## [GIVEN MATERIAL]

--- START ---

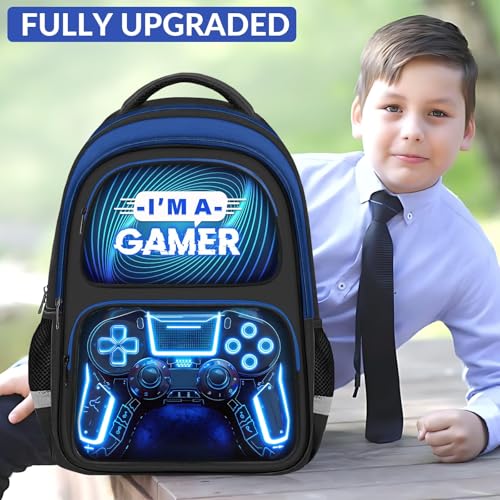 School Backpack for Boys - Gamer Boys Backpack for Kids Children Teens Elementary Middle School - 17″ Video Game Bookbag Travel Back Pack for Age 6-18 - color: Gamer Blue-backpack Only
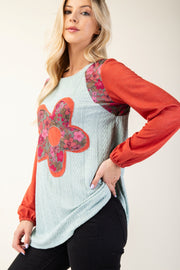 Sage - Flower Patchwork - Top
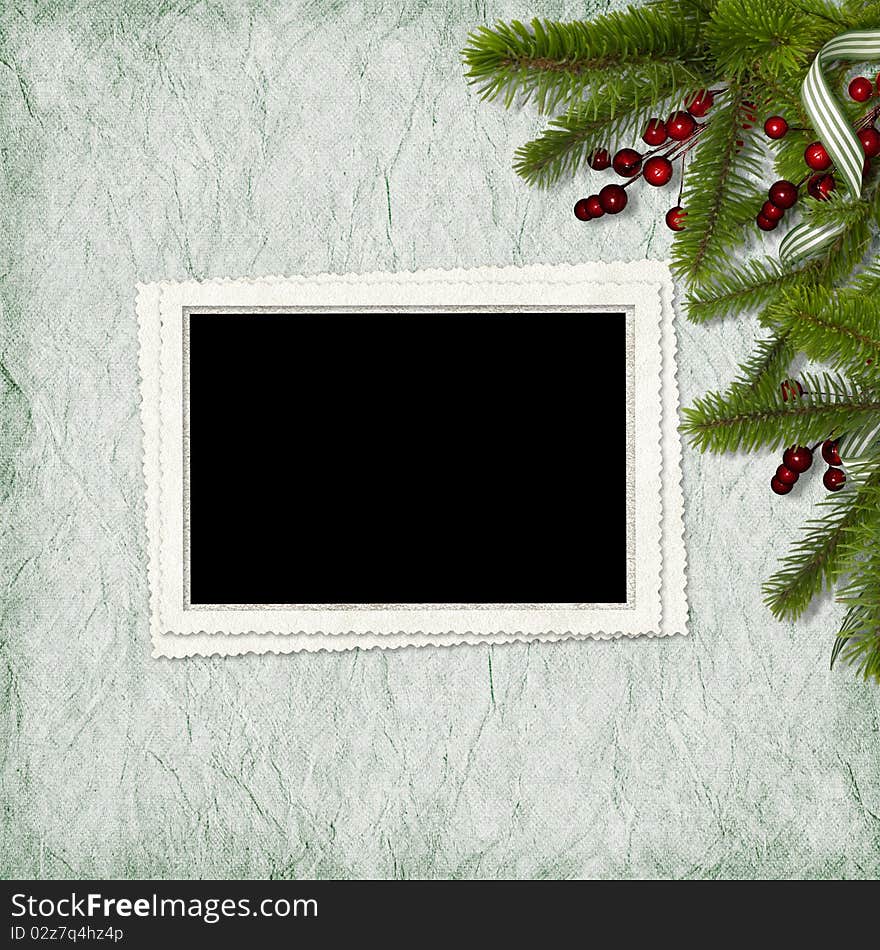 Card for the holiday with branches and berry on the abstract background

--- END ---

## [EXERCISE AIM]
Transcribe the listing in full and omit the pictures.

## [ANSWER TO THE EXERCISE]
 School Backpack for Boys - Gamer Boys Backpack for Kids Children Teens Elementary Middle School - 17″ Video Game Bookbag Travel Back Pack for Age 6-18 - color: Gamer Blue-backpack Only
 Sage - Flower Patchwork - Top
 Card for the holiday with branches and berry on the abstract background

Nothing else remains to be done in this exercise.